Former presidential candidate and current Texas senator Ted Cruz may have committed political suicide when he refused to endorse GOP nominee Donald Trump at the RNC last week. Now, we learn that he may not even be able to hold on to his Senate seat.
Cruz’s convention speech has angered many Republicans (and even more Texans) who believed the senator could have united the fractured Republican party by supporting Trump.
Potential challenger Rick Perry, on the other hand, is viewed as a “true Texan,” having been born and raised in the Lone Star State. He served as Texas governor from 2000-2015 and has considerable support both from establishment Republicans and a grassroots league of Texans who wish to unseat the Canadian-born Cruz.
“He had an opportunity…in my opinion, to unify, probably more than anyone else in that convention, bringing people together, and I think he missed that opportunity,” says former Texas Governor Rick Perry. According to polls conducted immediately after the convention, Cruz’s favorability rating has already plummeted from 60% to 33%.
“I’m not going to come like a servile puppy dog and say, ‘Thank you very much for maligning my wife and maligning my father,’” said Cruz, referring to the “attacks” Trump made against Cruz’s family.
Trump seems unbothered by Cruz’s defiant attitude, and has predicted that Cruz “may have ruined his political career” at the RNC and “would’ve been in better shape four years from now” if he had just endorsed the party nominee.
Trump’s prediction seems to be coming true, as Texas Rep. John Carter has announced that Rick Perry will be challenging Cruz for his senate seat in 2018 – and he stands a good chance of winning.
Not only are Texas Republicans are infuriated by Cruz’s behavior during the RNC, but they have also grown disillusioned with his views on immigration and free trade.

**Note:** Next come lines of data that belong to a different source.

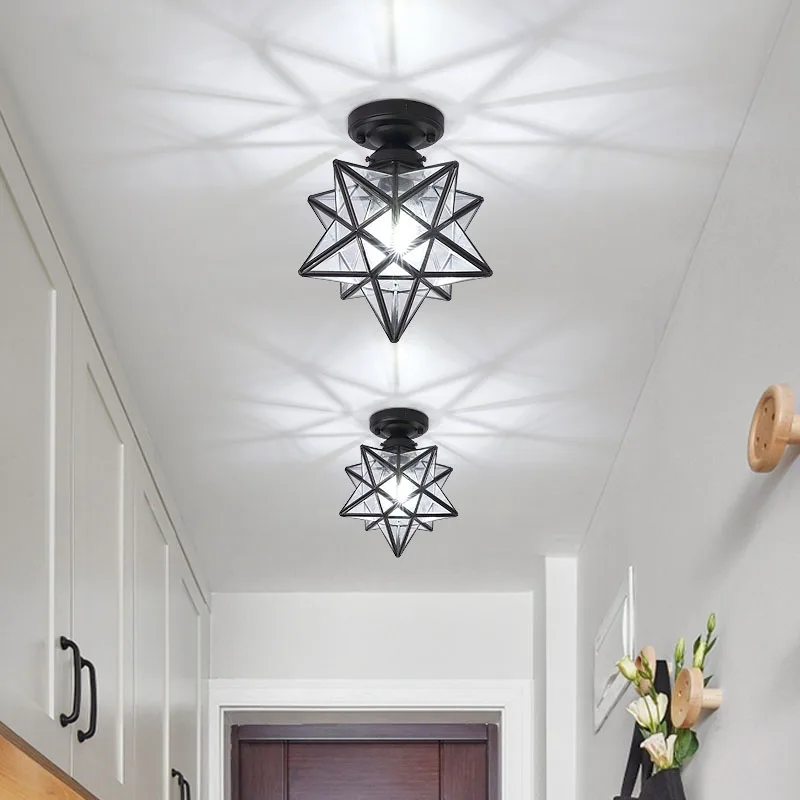 Pentagram Corridor Aisle light Modern Golden Entrance Balcony Cloakroom Star Ceiling Lights Dining Room Kitchen Lamp Deco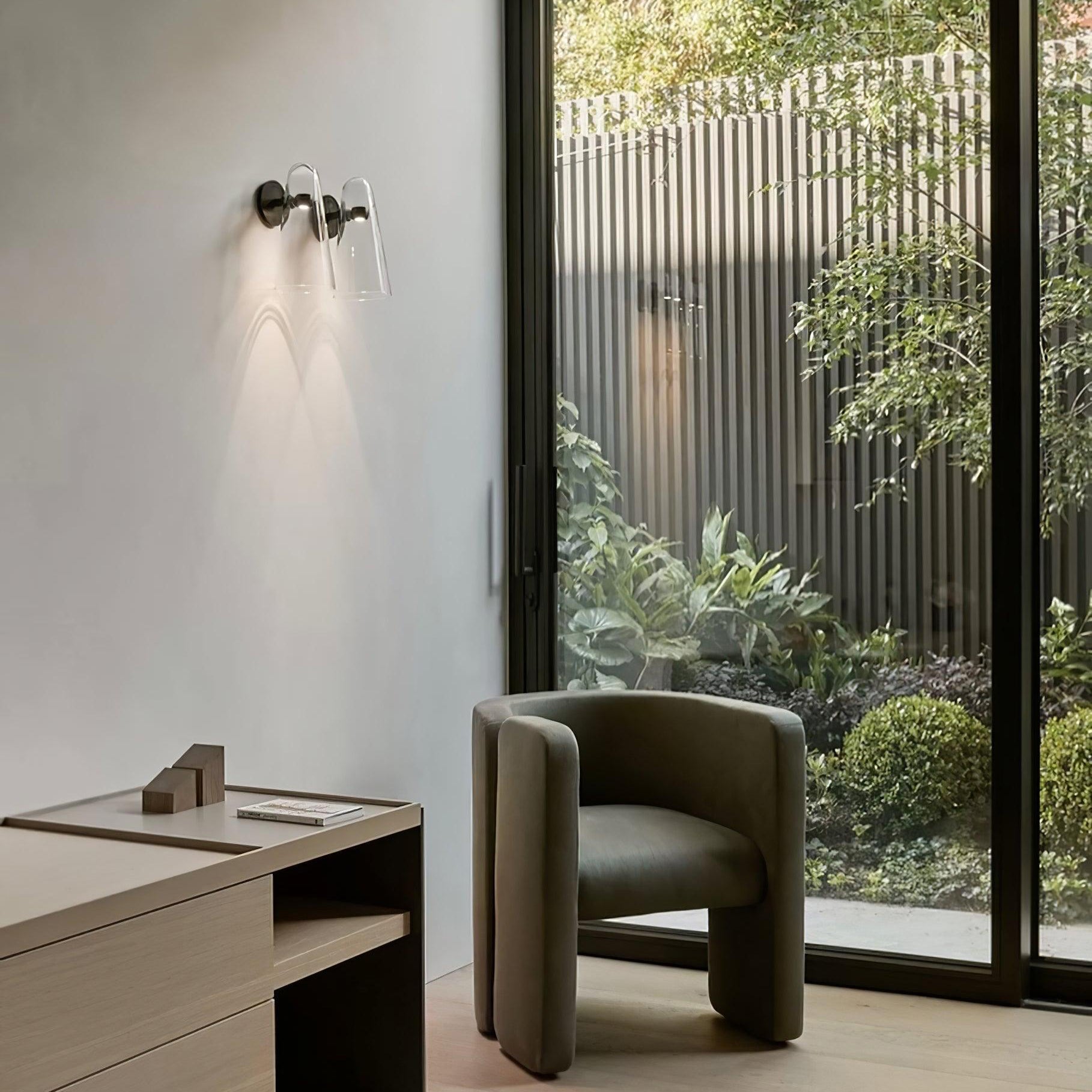 Yoke Modern Minimalist Metal Glass Wall Lamp - Lamp Copper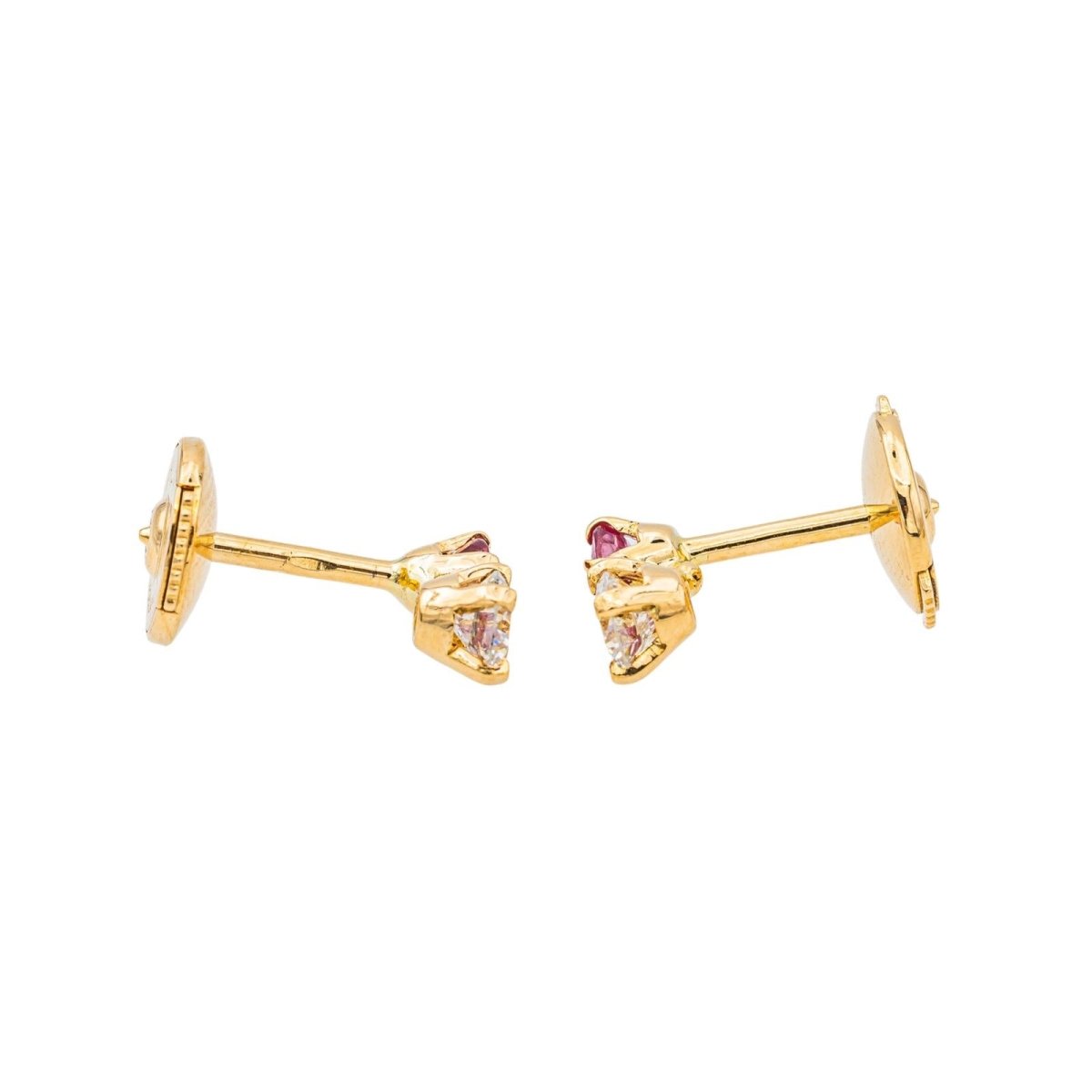 Boucles d'oreilles Puces en or jaune, rubis et diamants - Castafiore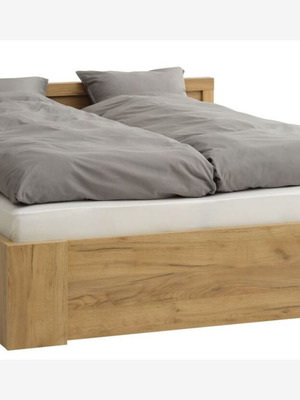 JYSK bedroom set with double bed and three-door wardrobe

Many criticize him for ignoring his congressional responsibilities to focus on his failed presidential campaign. “The isolation [of Ted Cruz] is increasingly rapid, and it seems to me only the most fervent Ted Cruz supporters are hanging on,” says Texas Republican Carl Tepper.
Ted Cruz may have made it further than most of his GOP rivals in the presidential election, but he is surprisingly unpopular in Congress – so much so that former House Speaker John Boehner referred to him as “Lucifer.” Cruz’s political future depends heavily on winning the re-election in 2018, and his controversial behavior at the RNC has severly damaged his chances of success.
Ironically, Perry had endorsed Ted Cruz (and had even spoken out against Donald Trump) before eventually siding with the billionaire candidate.
Editor’s note: This is very preliminary maybe just in the consideration stage at this point, but it seems like such a good idea.